Zen 5 | |
Produced-Start: | Mobile Desktop Server |
Designfirm: | AMD |
Manuf1: | TSMC |
Cpuid: | Family 1Ah |
Numcores: | Mobile: 8 to 12 Desktop: 6 to 16 Server: 16 to 192 |
L1cache: | 80KB (per core): |
L2cache: | 1MB (per core) |
Size-From: | TSMC N4X (Zen 5 CCD) TSMC N3E (Zen 5c CCD) TSMC N6 TSMC N4P (Mobile) |
Arch: | AMD64 (x86-64) |
Sock1: | Desktop |
Sock2: | Server |
Sock4: | Mobile |
Memory1: | DDR5 |
Extensions: | Crypto AES, SHA |
Extensions1: | SIMD MMX-plus, SSE, SSE2, SSE3, SSE4.1, SSE4.2, SSE4A, SSSE3, FMA3, AVX, AVX2, AVX512 |
Extensions2: | Virtualization AMD-V |
Pcode1: | Desktop |
Pcode2: | Thin & Light Mobile |
Pcode5: | Server |
Brand1: | Ryzen |
Brand2: | Ryzen AI |
Brand3: | Epyc |
Predecessor: | Zen 4 |
Successor: | Zen 6 |
Zen 5 is the name for a CPU microarchitecture by AMD, shown on their roadmap in May 2022,[1] launched for mobile in July 2024 and for desktop in August 2024.[2] It is the successor to Zen 4 and is currently fabricated on TSMC's N4X process.[3] Zen 5 is also planned to be fabricated on the N3E process in the future.[4]
The Zen 5 microarchitecture powers Ryzen 9000 series desktop processors (codenamed "Granite Ridge"), Epyc 9005 server processors (codenamed "Turin"),[5] and Ryzen AI 300 thin and light mobile processors (codenamed "Strix Point").[6]
Zen 5 was first officially mentioned during AMD's Ryzen Processors: One Year Later presentation on April 9, 2018.[7]

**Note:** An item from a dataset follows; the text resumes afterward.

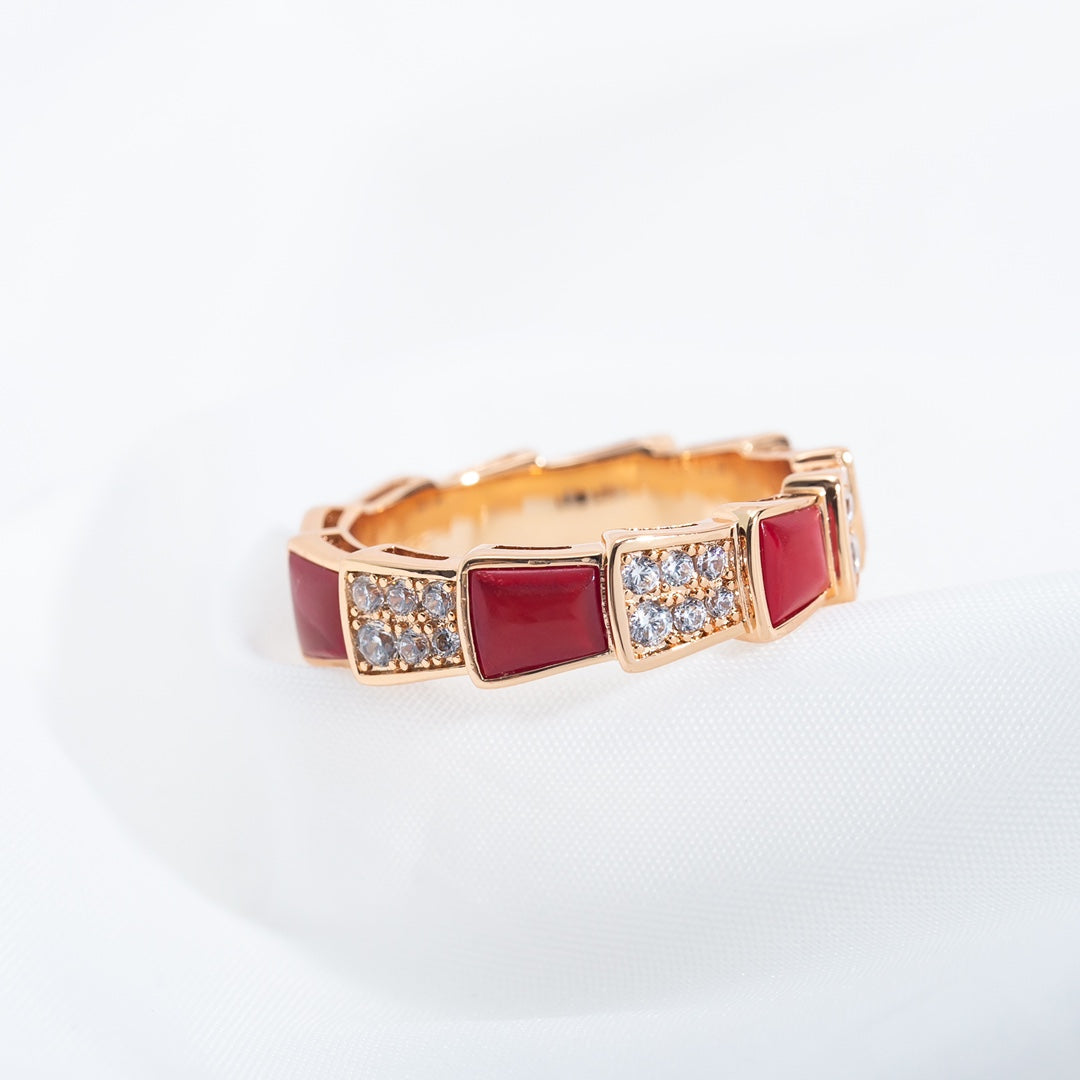 [Joyas Regalia] ANILLO SERPENTI ORO ROSA CORNALINA PAVÉ DE DIAMANTES 4 MM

A roadmap shown during AMD's Financial Analyst Day on June 9, 2022 confirmed that Zen 5 and Zen 5c would be launching in 3nm and 4nm variants in 2024.[8] The earliest details on the Zen 5 architecture promised a "re-pipelined front end and wide issue" with "integrated AI and Machine Learning optimizations".
During AMD's Q4 2023 earnings call on January 30, 2024, AMD CEO Lisa Su stated that Zen 5 products would be "coming in the second half of the year".[9]
Zen 5 is a ground-up redesign of Zen 4 with a wider front-end, increased floating point throughput and more accurate branch prediction.[10]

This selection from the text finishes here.